Operational control & auditability
EU infrastructure providers, including many specialized hosting companies and colocation facilities, typically offer more direct operational relationships, clearer SLAs and easier access to support compared to large hyperscaler abstractions. That can translate directly to better incident response and faster recovery.
Who this is for
EU-based SaaS & software companies
Companies serving EU customers who need to clearly communicate where data is hosted and processed, and who want to reduce dependency on providers outside their operational jurisdiction.
Fintech & regulated businesses
Financial sector companies and their technology suppliers facing DORA, GDPR and data sovereignty expectations who need documented EU infrastructure with clear contractual and operational controls.

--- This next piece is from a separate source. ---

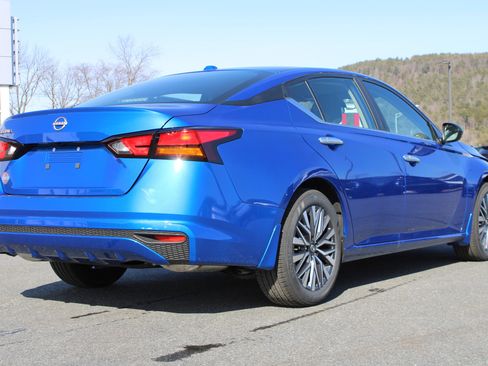 New 2025 Nissan Altima 2.5 SV FWD image 8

Hosting & infrastructure providers
Hosting companies building or expanding EU infrastructure who need Linux operations expertise to provision, configure, document and operate the new environment.
Companies exiting hyperscalers
Organizations that have decided to move away from AWS, GCP or Azure — whether for cost, control or regulatory reasons — and need a technically solid migration to EU-based dedicated or cloud infrastructure.
Organizations building hybrid infrastructure
Teams that want to retain some existing infrastructure while moving specific workloads or data sets to EU-based providers, and need help designing and executing that split cleanly.
E-commerce & digital platforms
EU-facing e-commerce businesses that want to demonstrate EU data hosting to customers, satisfy platform or payment provider requirements and reduce their international infrastructure risk profile.
What we do
We document what you currently run, where it runs, what it depends on and what the migration order and risk profile for each component is.
We assess EU infrastructure options (OVHcloud, Hetzner, Scaleway, Exoscale, IONOS and others) against your requirements: geography, cost, performance, SLA, compliance posture and operational model.
Step-by-step migration procedures for each component, with pre-migration validation, migration steps, post-migration verification and rollback procedures. Nothing is done without a documented plan.
Every migration phase includes a clear rollback path. We do not commit to cutover until the target environment is validated and rollback is tested or documented.
Where appropriate, we help replace proprietary cloud services (managed databases, object storage, queuing) with open-source equivalents on your EU infrastructure, reducing ongoing provider lock-in.
After migration, we monitor the new environment, resolve any operational issues, document the final state and ensure your team is confident in operating and maintaining the migrated infrastructure.
Typical outcomes
All workloads running on EU-based providers with clear documentation of physical location, provider jurisdiction and contractual terms.
No single provider concentration risk, with clear contingency paths if any individual provider changes pricing, policies or service availability.
Phased, documented migrations with rollback planning and validation at each stage — not big-bang cutovers that create operational risk.
The technical foundation for data residency claims: actual EU hosting with documented provider agreements and operational evidence.
Your team understands the new infrastructure, has documentation to operate it and has been involved in the migration process — not handed a black box.